» **WHAT IS NEEDED**:
Skip the pictures and restate, word for word, the lines from the one containing "Blue one-piece bodysuit" to the end of the data below.

» **RECORDS SUPPLIED**:

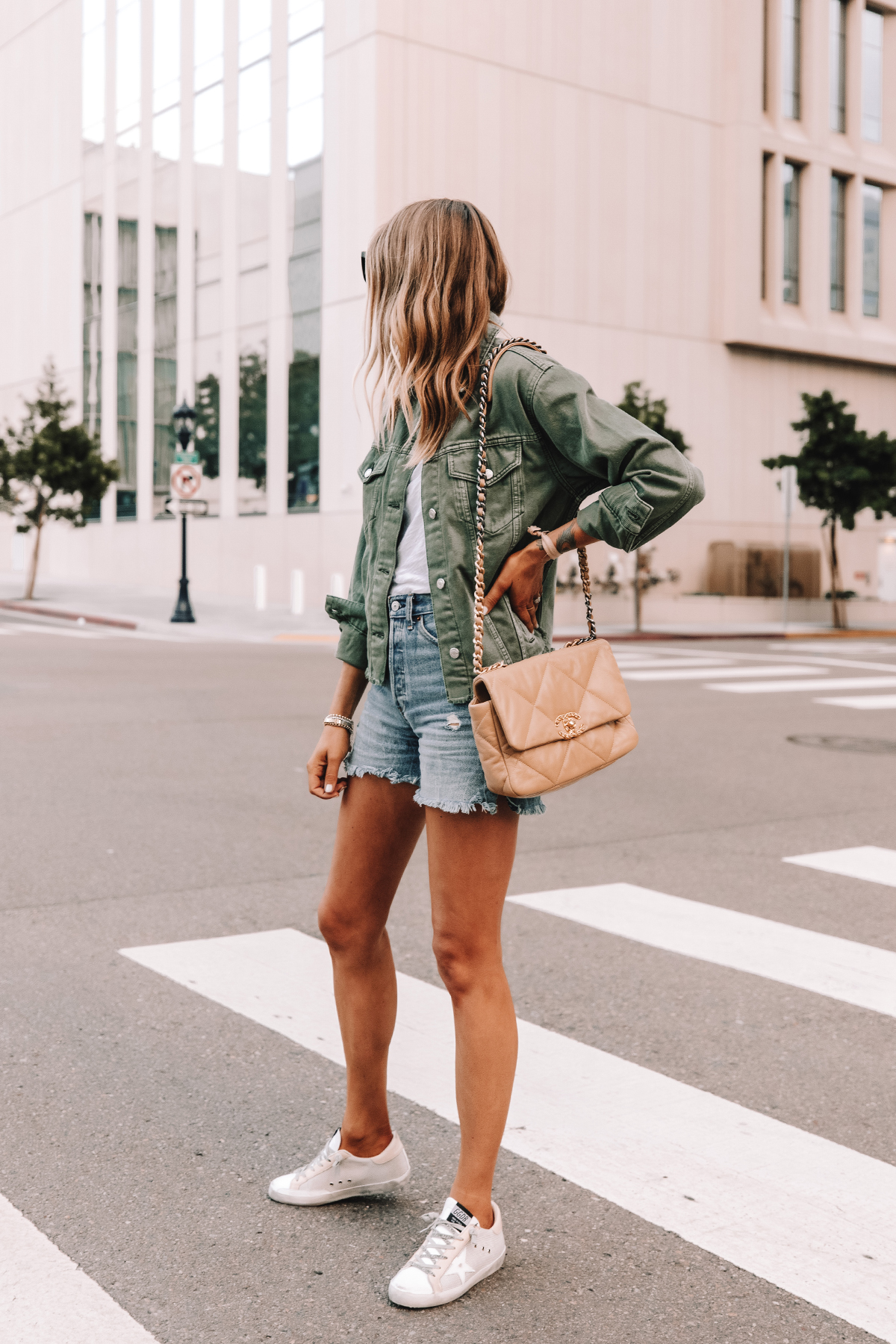 Fashion Jackson Wearing Topshop Olive Green Denim Jacket White Tshirt Ripped Jean Shorts Golden Goose Superstar Sneakers Chanel 19 Beige Handbag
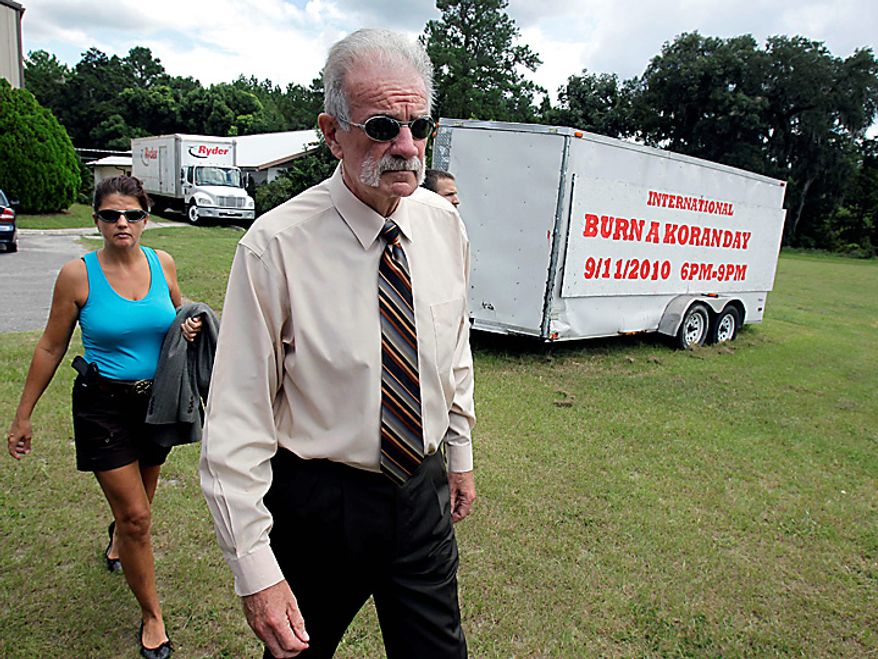 Pastor Terry Jones, right, of the Dove World Outreach Center arrives at a news conference with an armed escort in Gainesville, Fla., Wednesday, Sept. 8, 2010. Jones stated that he is going forward with a scheduled burning of copies of the Quran at his church on Saturday, Sept. 11. (AP Photo/John Raoux)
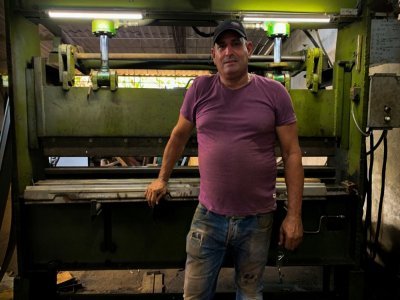 Le carrossier Pedro Manso devant une machine qu'il a lui-même fabriquée pour reproduire les pièces d'origine des vieilles voitures américaines, le 24 avril 2021 dans son atelier de Placetas, dans la province de Villa Clara, à Cuba - ADALBERTO ROQUE [AFP]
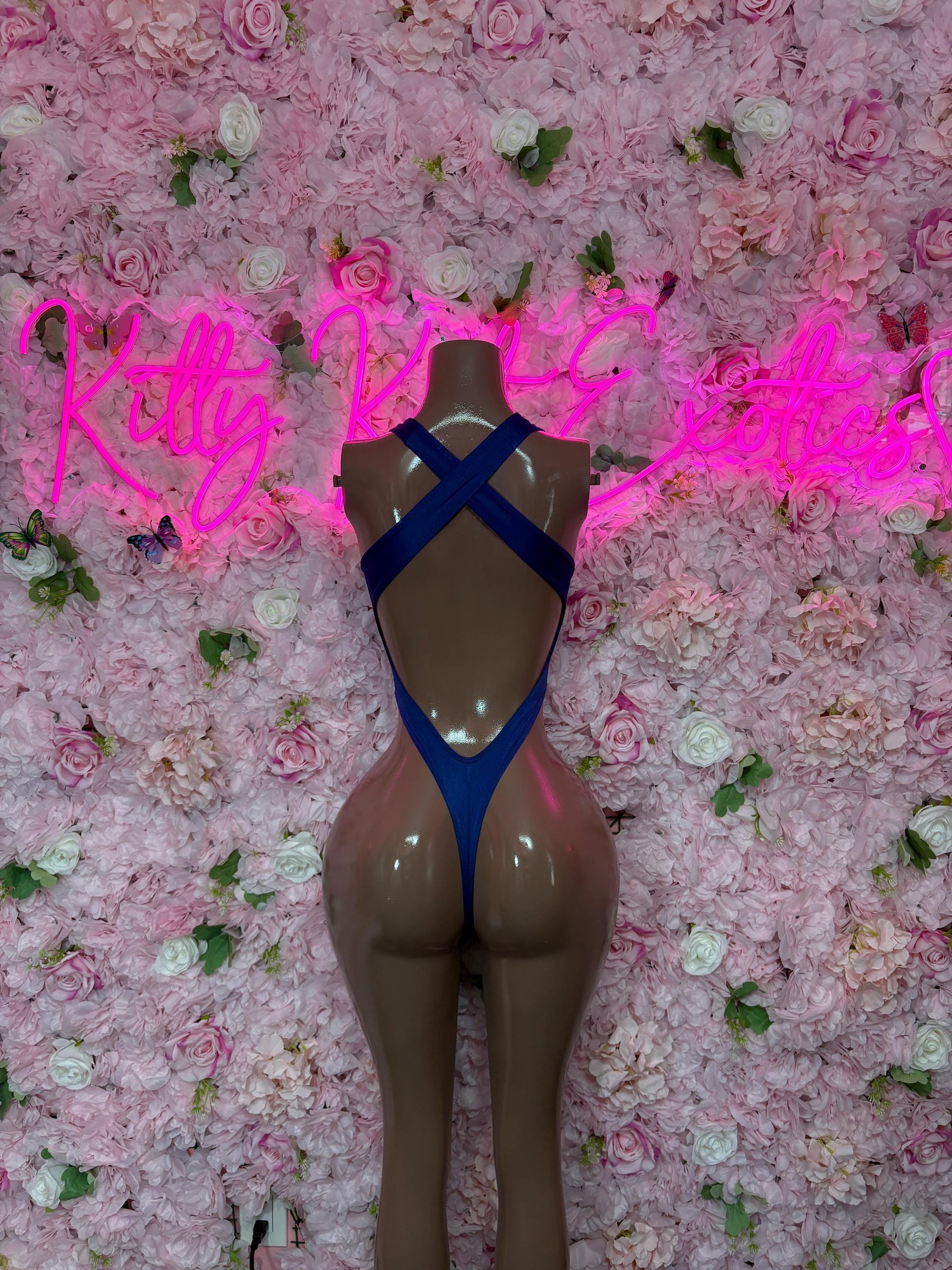 Blue one-piece bodysuit with crossed back straps and deep V front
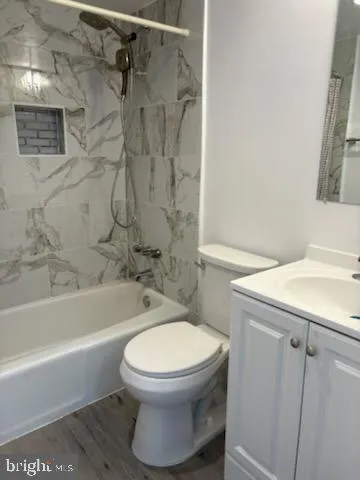 a bathroom with a shower and a toilet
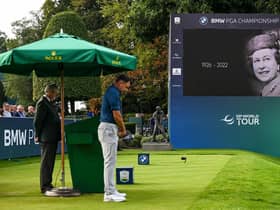 A two-minute silence in memory of Her Majesty, Queen Elizabeth II is observed at Wentworth after the resumption of the BMW PGA Championship. Picture: Octavio Passos/Getty Images.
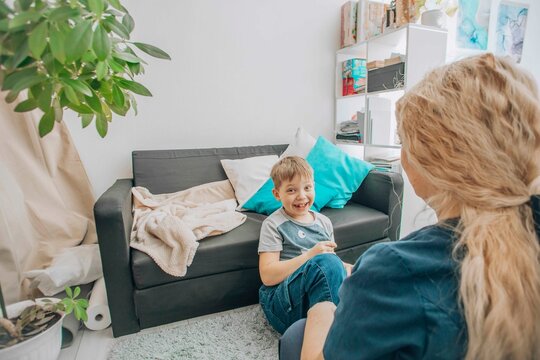professional therapist teaching hand coordination exercises to young boy, therapeutic session at home, concept of sensory integration and child psychology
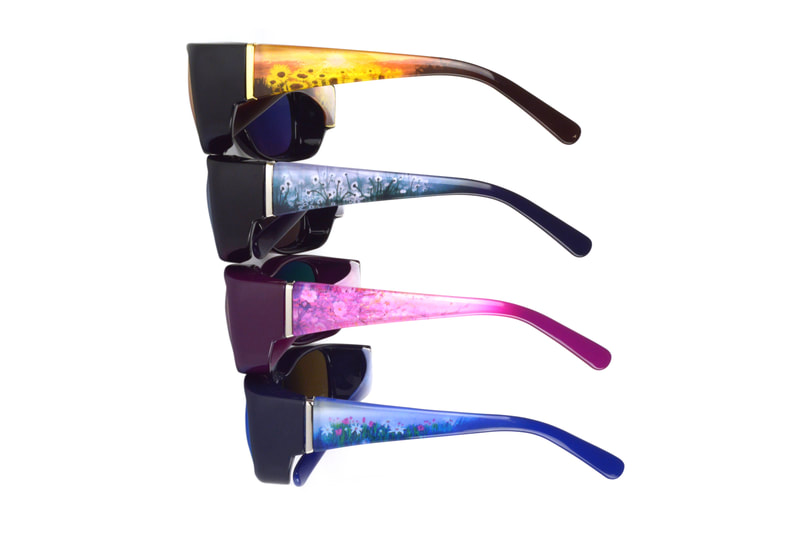 Four pairs of Fits Over sunglasses in different colorways featuring painterly illustrations of flowers printed on the temple.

» **TASK SOLUTION**:
 Blue one-piece bodysuit with crossed back straps and deep V front
 a bathroom with a shower and a toilet
 A two-minute silence in memory of Her Majesty, Queen Elizabeth II is observed at Wentworth after the resumption of the BMW PGA Championship. Picture: Octavio Passos/Getty Images.
professional therapist teaching hand coordination exercises to young boy, therapeutic session at home, concept of sensory integration and child psychology
 Four pairs of Fits Over sunglasses in different colorways featuring painterly illustrations of flowers printed on the temple.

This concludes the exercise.